The surprising thing about the Peace Corps is that the institution still exists. After being formed by President John F. Kennedy on the fly in March 1961, it has endured Congressional challenges, internal political crises, skeptical Third World receptions and, perhaps toughest of all, Richard Nixon.
Yet it’s still there, providing a network of about 7,500 ground-level volunteers each year helping remote communities with construction projects, educational programs and healthcare delivery. If you believe in altruism, the Peace Corps could well be the best embodiment of that American spirit.
In his new and engaging history of the storied agency, “When the World Calls: The Inside Story of the Peace Corps and Its First Fifty Years,” journalist and former Peace Corps deputy director of evaluation and research Stanley Meisler takes us through a concise and affectionate look at its birth, and its various political battles. Meisler, a former Los Angeles Times foreign correspondent (though I once worked there, too, we have never met), turns a journalist’s eye on the overlapping squabbles and successes, as well as failures.
Despite his clear affinity for the Corps, Meisler doesn’t gloss over the problems, from ineffective volunteers to wrong-headed staffing goals and policies. His final chapter asks, “Does the Peace Corps Do Any Good?,” and it’s a good question to ponder. Statistically, much of the work done by volunteers has had limited effect on making broad changes in the quality of life for the world’s impoverished.
But, as Meisler argues, some gains can’t be measured by a bureaucrat’s spreadsheet. And in many ways, the Peace Corps’ gains might have come to the U.S., as legions of former volunteers used their experiences as springboards to public service careers, including such political figures as former Sen. Christopher Dodd, Carol Bellamy (who went from New York City politics to lead the agency for a time) and Donna Shalala, the former secretary of Health and Human Services.
Meisler also puts himself in the book, using some of his experiences to illustrate the political stresses within the agency. But that also cements the sense that this is an insider’s look at the agency. He sprinkles stories of individual volunteers, the good and the bad (one was convicted of murder), but also occasionally veers off into arcane bureaucratic battles, as though trying to be a repository of record.
Still, it’s a short book, at 272 pages, so even the meanders don’t derail it. And most of them say as much about the eras in which they took place as they do about the Peace Corps itself, including some poignant vignettes of volunteers getting the word, in the pre-instant communication age, about the murder of President Kennedy.
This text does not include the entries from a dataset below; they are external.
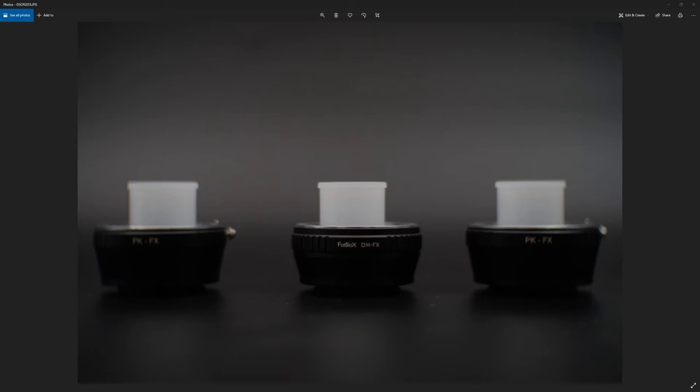Welcome back to this video. I wanted to do more tests with this interesting $20 lens that is 35mm f1.6 and analyze more about its focusing and how it performs.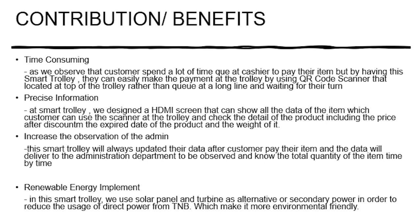Next one is to increase the observation of the admin. With the big size of the mall it's hard for them to observe every single product. But when they implement our project, this smart trolley will always update the data after customer pays the item and the data will deliver to the administrative department to be observed and know the total quantity of the item time by time. So the admin can know every time the quantity of the product.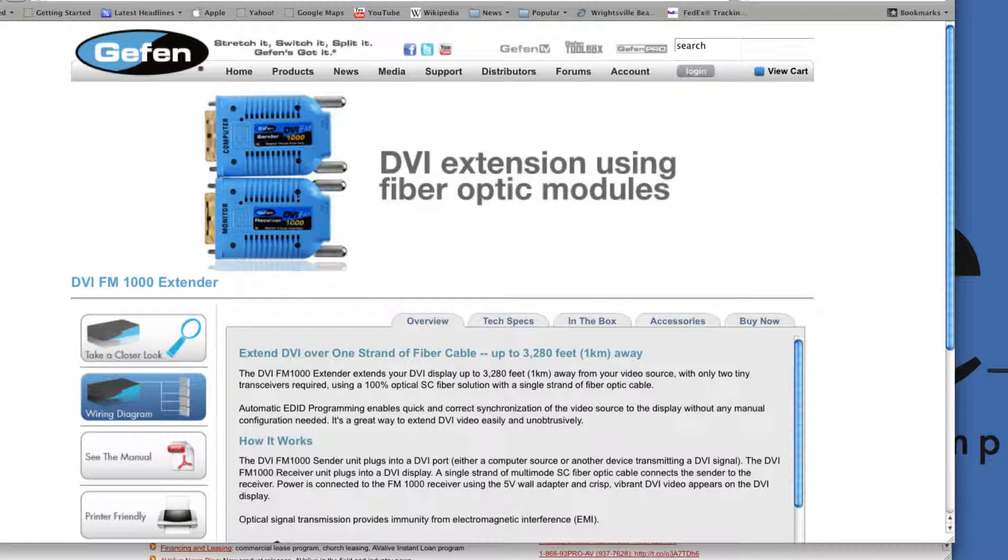Extend DVI over one strand of fiber cable up to 3,280 feet away. The DVI-FM1000 extender extends your DVI display away from your video source with only two tiny transceivers required using the 100% optical SC fiber solution with a single strand of fiber optic cable.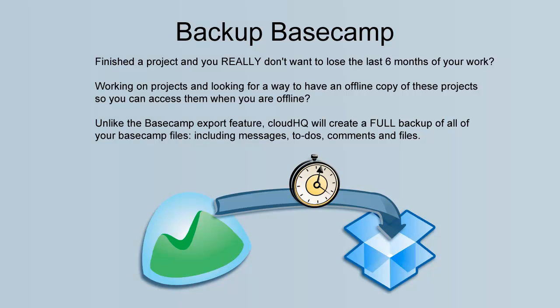Finished a project and you really don't want to lose the last six months of your work? Working on projects and looking for a way to have an offline copy of these projects so you can access them when you're offline?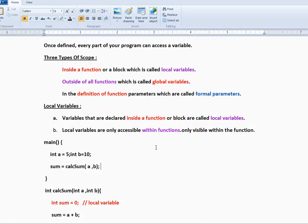Hi friends, welcome to C programming tutorial. In this video I am going to talk about global variables in C program.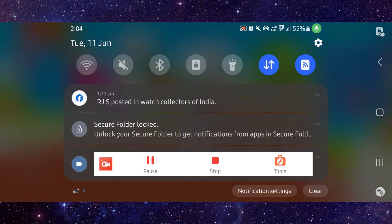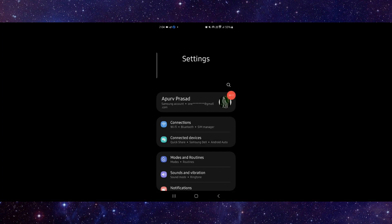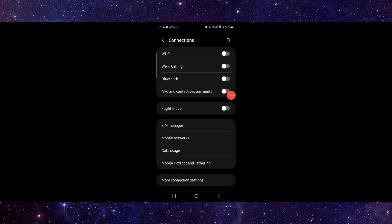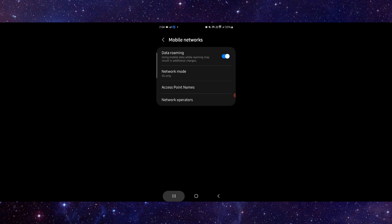Here you have to go into your Settings, then go to Connections, go to Networks. Then after that you can set it to 5G only, and then it would be fixed.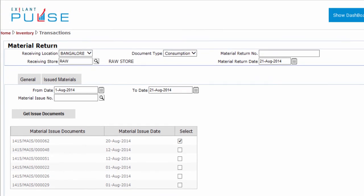This completes the General Tab section. You can now proceed to the Issued Materials tab.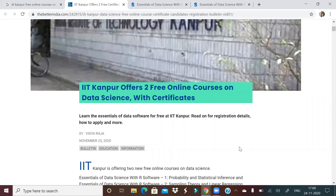Welcome to Unfold Data Science. This is Aman here and I'm a data scientist. I just came across an article yesterday on November 23rd where I found some useful information, and I just thought of sharing it with you.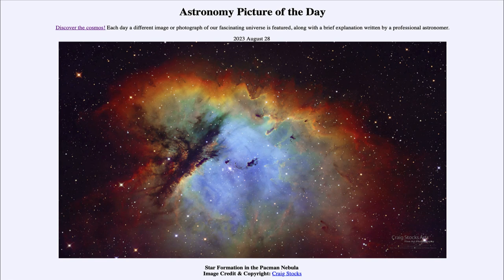Star formation is an ongoing process — it doesn't just happen all at once. Stars will form at different rates; a more massive star will form quickly and a low-mass star will form more slowly. Even within a star-forming region, stars will start their formation at different times as the star formation progresses through the molecular cloud.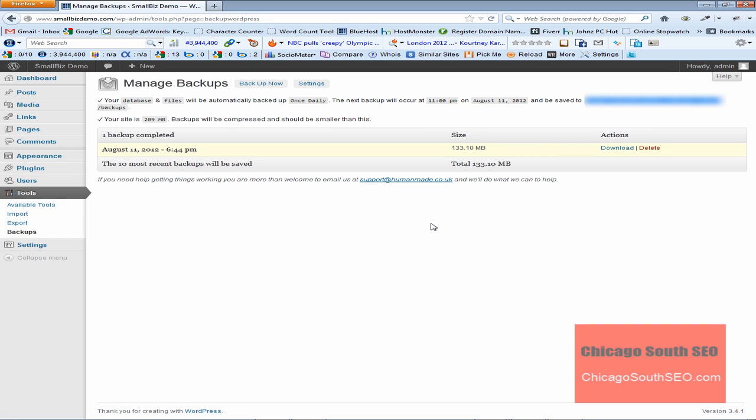So that's how you install Backup WordPress. That's how you run a backup using this plug-in. This plug-in is easy to use. Best of all, it's free, and it works. This is John of Chicago South SEO and Website Services. I hope this has been helpful. That's all for now. Take care and have a great day.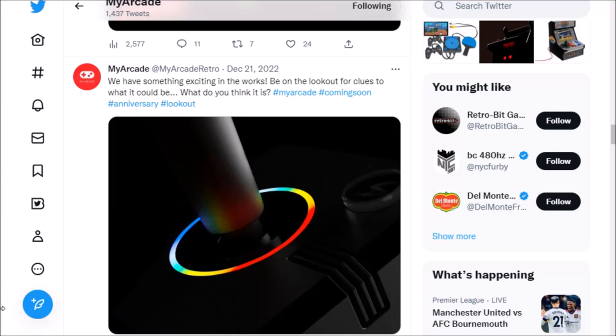Hey everybody, for the past couple weeks My Arcade and Atari have been teasing that something is coming.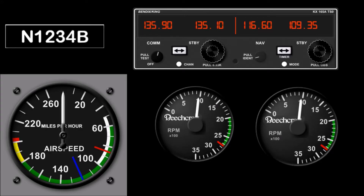Yesterday, I demoed the new properties functions on AirManager 3.0 from the beta. I mentioned several projects that I might undertake, and I did have a chance to implement those, and I wanted to demo those to you.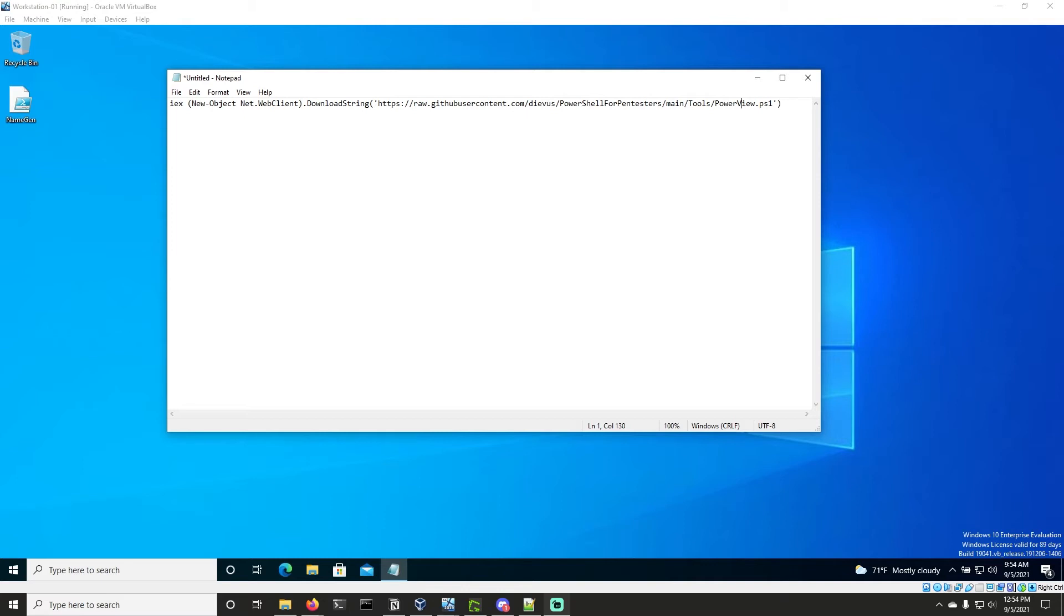Hello, welcome back to PowerShell for pen testers. In this video, we're going to talk about how we can use PowerView to enumerate users within the domain environment.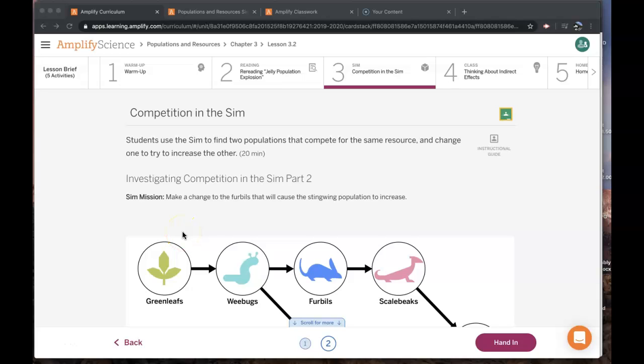This is Populations and Resources, Lesson 3.2, Activity 3, Part 2.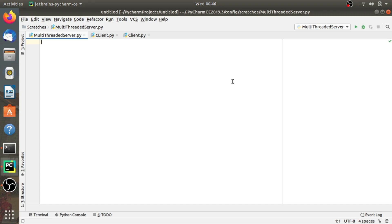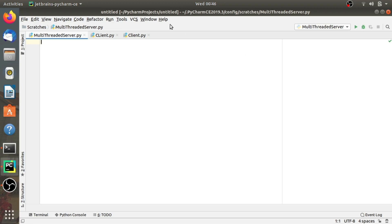Let's see the traditional method first — handling multiple connections using the thread module in Python. We will write the code for a multi-threaded server that can work with multiple clients. We will write one multi-threaded server and two clients in this set of lectures. Let's start coding — open your IDE. I am going to write the server program first, using PyCharm for coding.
In Togo, which a few months earlier had undergone a coup and presidential assassination, volunteer Peggy Anderson heard a jeep stop outside her house late at night, and spotted fellow volunteer Sylvia Feinman and a Togolese businessman named Mr. Anthony inside. “Peggy rushed across the sandy, unpaved road. As she neared them, Sylvia said, ‘The president’s been killed.’ Peggy turned to Mr. Anthony, struggling to find the right words to console him for his second loss so soon after the first. ‘No,’ Sylvia said, ‘our President Kennedy.’”
The best way to view this book is as a survey course on the history of the Peace Corps. More detailed histories, and memoirs, have been published over the last few decades, and Meisler’s book adds little to that base of knowledge. But it does serve as a reader’s guide to that history; in that spirit it is a welcome addition.
Martelle is the author of “The Fear Within: Spies, Commies, and American Democracy on Trial.”